I knew this house well. It was the place that Grandma and Grandpa Hicks lived clear back as far as I could remember. Then they sold the place to Carla and Ed. Mikey and I had to stay with them when I was only a few years old. Now it was my home.

Nobody ever used the front door except when visitors came and knocked. The side door was the one we used. You enter the house and immediately see a small kitchen on the left and on the right, a dining room. Past that, the living room sprawled to the far wall. Built between the kitchen and living room was a large rock divider that contained the only heat source for the house–a big potbellied stove. To light the fire, you had to crawl down inside the rock structure where the stove was mounted.

Being the only source of heat during the frigid Salmon winters, the stove had to be stoked and kept burning from November to the middle of March, which meant we had a sizable wood pile out back.
The linoleum covered hallway past the stove structure led to the bathroom on the left, bedrooms on the right, and at the end of the hallway was a storage room. Adjacent to that was mom’s and dad’s bedroom. Standing in the storage room, you could lift a trap door which led to a wine cellar. It smelled of murk and mildew because every spring it filled with water. The back door of the house opened to a broad view of the big garden area and the tool shed loaded full of mysterious artifacts and spiders.

My new house was located right next to the Dahle Red E Mix concrete company owned and operated by Voyd.
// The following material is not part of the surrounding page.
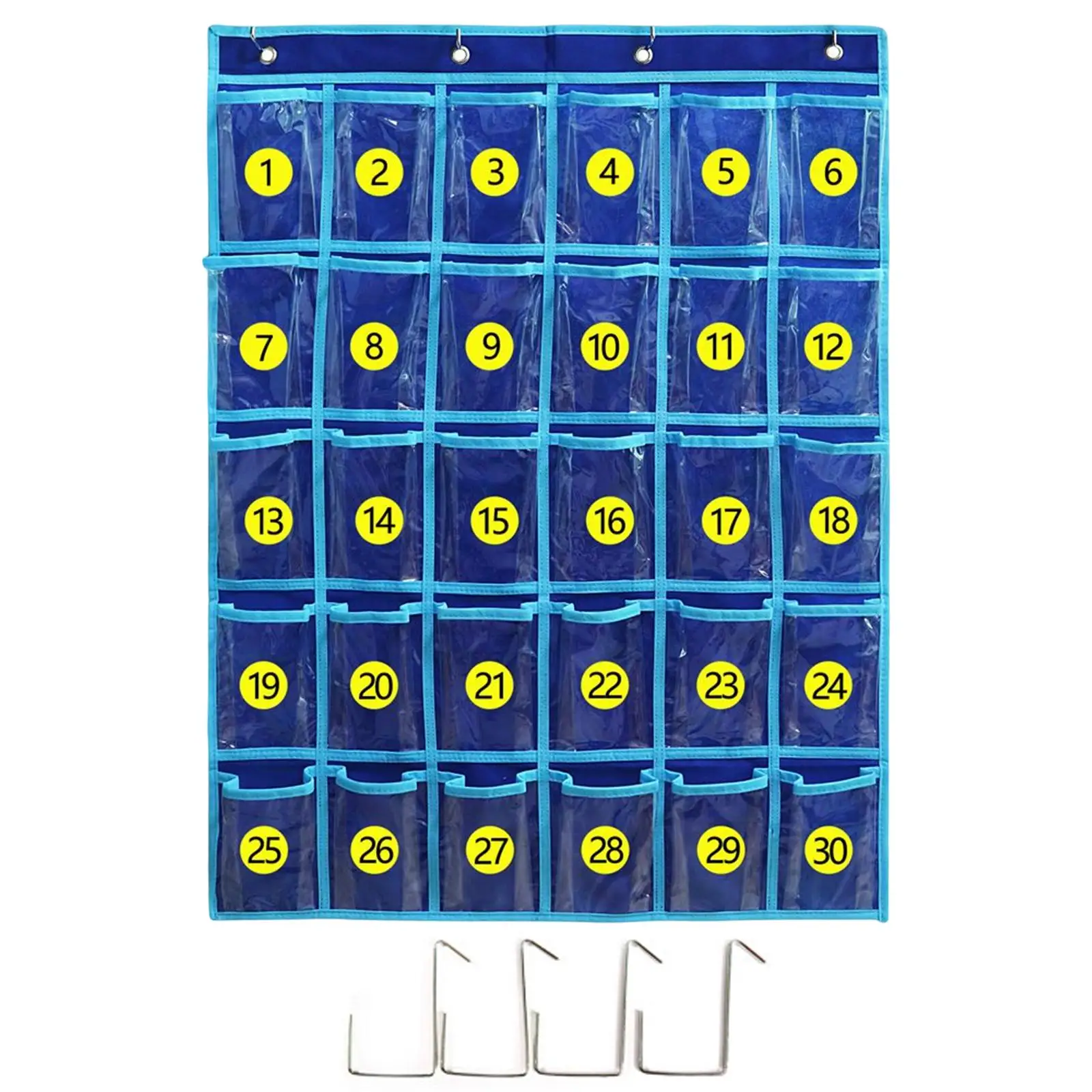 Pocket Chart 30 Pockets Over Door Hanging Closet Jewelry Phone Calculator Holder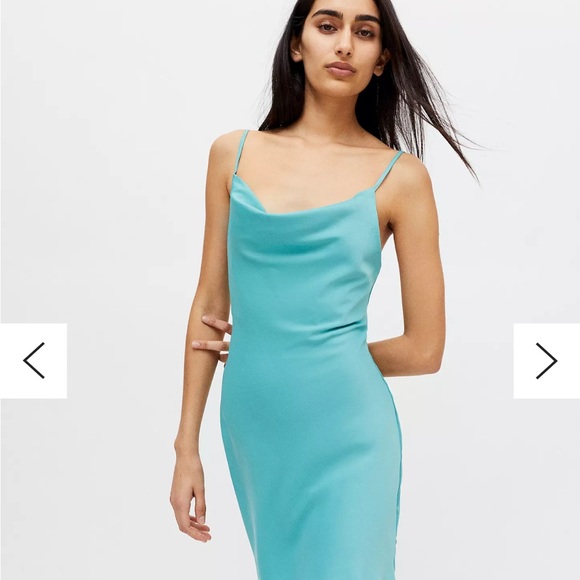 NWT Light Green Cowl Neck Slip Dress - Picture 1 of 5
The peaceful sounds I was used to from my old home by the river were replaced by diesel cement trucks, front-end loaders, dump trucks, a rock crusher, and the septic tank building operation located just over our side fence.

Voyd was a mystery that intrigued me from the first time I saw him. He always wore a pair of grey coveralls and leather boots. I can’t remember a time I ever saw him without an old dirty nondescript baseball hat that he wore kind of crooked on his head. The most intriguing thing about this man was his choice of cigarettes. He rolled his own.

Watching him pull out a piece of paper and delicately hold it in his grizzled fingers as he gently dumped in a small pile of tobacco from a pouch was, to me, a true form of artistic acumen. After licking the side of the paper and rolling his cigarette, he would light it with a match and then draw in the smoke like it was the next best thing to heaven for him.

Voyd lived up the street with his wife, Madge. She quickly became my good friend and allowed me to go into her raspberry patch and eat her delicious berries, but only if I asked, first. Madge was an old woman that exuded the epitome of happy and charitable. Her countenance was as stark a contrast to that of her husband as a cloudy, thundering rainstorm was from a bright, clear day.